Obamacare and Passover, coercion and liberty
search

Obamacare and Passover, coercion and liberty

As I watched the news on Obamacare and the Supreme Court, what came to mind was Passover, with its focus on freedom and liberty.

In the oral arguments focusing on the mandate, the government claims the commerce clause authorizes it to require individuals to purchase health insurance or be subject to a financial penalty. In response, Justice Anthony Kennedy, presumed by many to be the “swing vote,” asked the key constitutional question: Can you create commerce in order to regulate it? In other words, while it may be clearly within the commerce clause to regulate activities conducted pursuant to a contract between A and B, does the government have the power to coerce A and B to enter into the contract in the first place?

Later in the argument, Kennedy says: “But the reason this is concerning is because [the mandate] requires an individual to do an affirmative act…and here the government is saying that the federal government has a duty to tell the individual citizen that it must act, and that is different from what we have in previous cases, and that changes the relationship of the federal government to the individual in a very fundamental way.”

I came to understand why even liberal commentators considered the government case a “train wreck.” The government could not articulate a limiting principle preventing it, for example, from requiring a person to pay a fine to the federal government if that person bought a foreign car, or failed to buy a car in the first place, or, as Justice Antonin Scalia said, failed to buy broccoli.

On March 23, The Wall Street Journal observed that “the powers the Obama administration is claiming change the structure of the American government as it has existed for 225 years.” On March 29, the Journal further observed: “The Obama administration’s arguments in favor of the mandate to buy health insurance or pay a penalty stand exposed as a demand for unlimited federal power…. The President and Congress make rules for actions and objects. Only states make rules regulating the behavior of citizens, except for military conscription and jury duty.”

Now for Passover. As I read these arguments, I could not fathom why Jews, of all people, given all they have achieved under the American political system, would not fear a fundamental expansion of centralized federal power along with the political philosophy it represents.

The political philosopher, J.L. Talmon, in his Origins of Totalitarian Democracy, distinguished “liberal democracy” from “totalitarian democracy.” Liberal democracy finds the essence of freedom in spontaneity and the absence of coercion.
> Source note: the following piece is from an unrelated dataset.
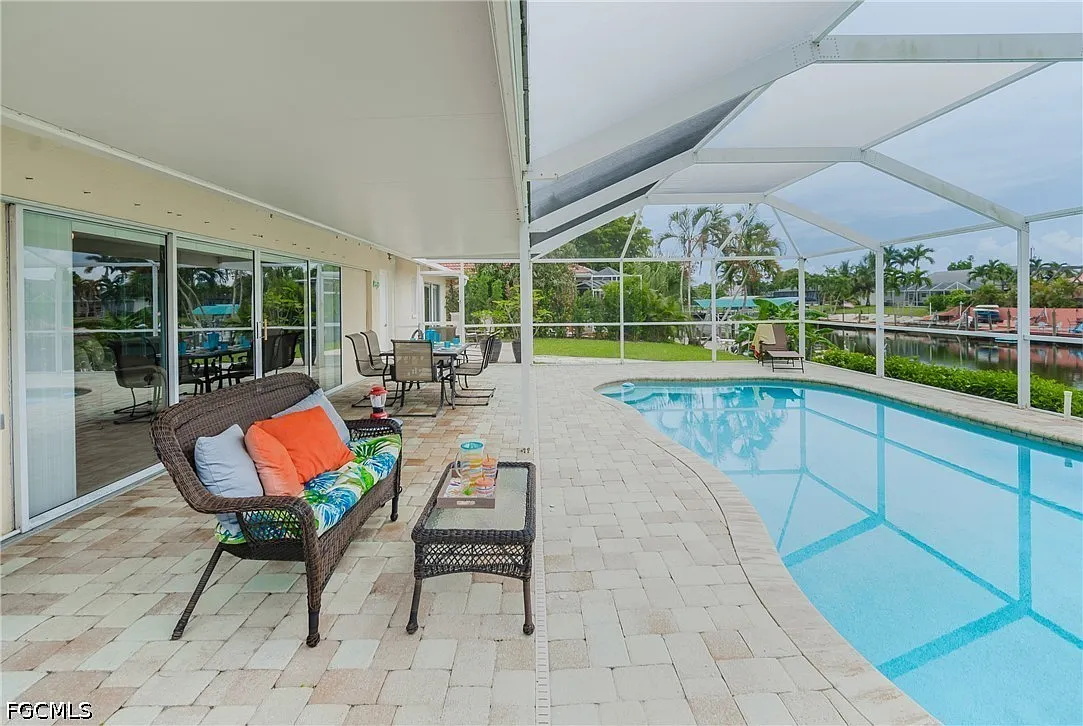 3 bed, 2.5 bath, 1639 sqft, $6,740 — Photo 1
Totalitarian democracy believes freedom to be realized only in the pursuit and attainment of an absolute collective purpose, thereby representing a form of political messianism.

The U.S. Constitution was not designed to make the case for government but to make the positive case for personal liberty and freedom in the liberal democratic tradition. Its primary purpose was to protect the individual from government intruding on certain basic liberties. It is a constitution based on limited enumerated powers the states conferred on the federal government. The inversion of rights from safeguards to entitlements is a slippery slope toward an undermining of fundamental constitutional guarantees. Libertarians view this as tyranny’s disguise.

House Speaker Nancy Pelosi was a key author of the bill which, as she told reporters, had to pass “so you can find out what is in it.” In response to an inquiry from CNSNews.com as to whether Obamacare was constitutional, she responded, “Are you serious?,” thereby revealing a total lack of understanding as to the grounds for a constitutional challenge.

In a news conference after the oral arguments, President Obama expressed confidence that the Supreme Court “would not take what would be an unprecedented, extraordinary step of overturning a law that was passed by a strong majority of a democratically elected Congress.” The president then opined that it would be judicial activism if “an unelected group of people would somehow overturn a duly constituted and passed law.”

One might have hoped that President Obama, a former senior lecturer in constitutional law at the University of Chicago Law School, consulted Federalist No. 78, which preceded the famous case of Marbury vs. Madison. Wrote Alexander Hamilton, “courts were designed to be an intermediary body between the people and the legislature, in order, among other things, to keep the latter within the limits assigned to their authority.”

The Court’s authority stems from the Constitution and the writings of the Founders. The Court’s role is part of the bedrock of liberty on which our Republic was founded. It is most unfortunate that the president disrespected these principles. But when the government knows what you need, and is ready to coerce you into contractual relations to give it to you, who has time for such considerations?

Fixing the problems with our health-care system is a critical national issue requiring a well thought-out approach. Obamacare risks being a cure worse than the disease. Funding health-care costs out of tax revenues respects constitutional principles. We will soon find out whether funding it by forcing people into contractual relations meets with the approval of the Supreme Court. There is quite a lot at stake.

We all need heed the words of Jonathan Sacks, Chief Rabbi of Great Britain, from his Haggada commentary: “The ideal of the Torah — lofty but not utopian — is of limited government accompanied by personal self-government….” And as the ancient Greek philosopher Plutarch warned: “The real destroyer of the liberties of the people is he who spreads among them bounties, donations and benefits.”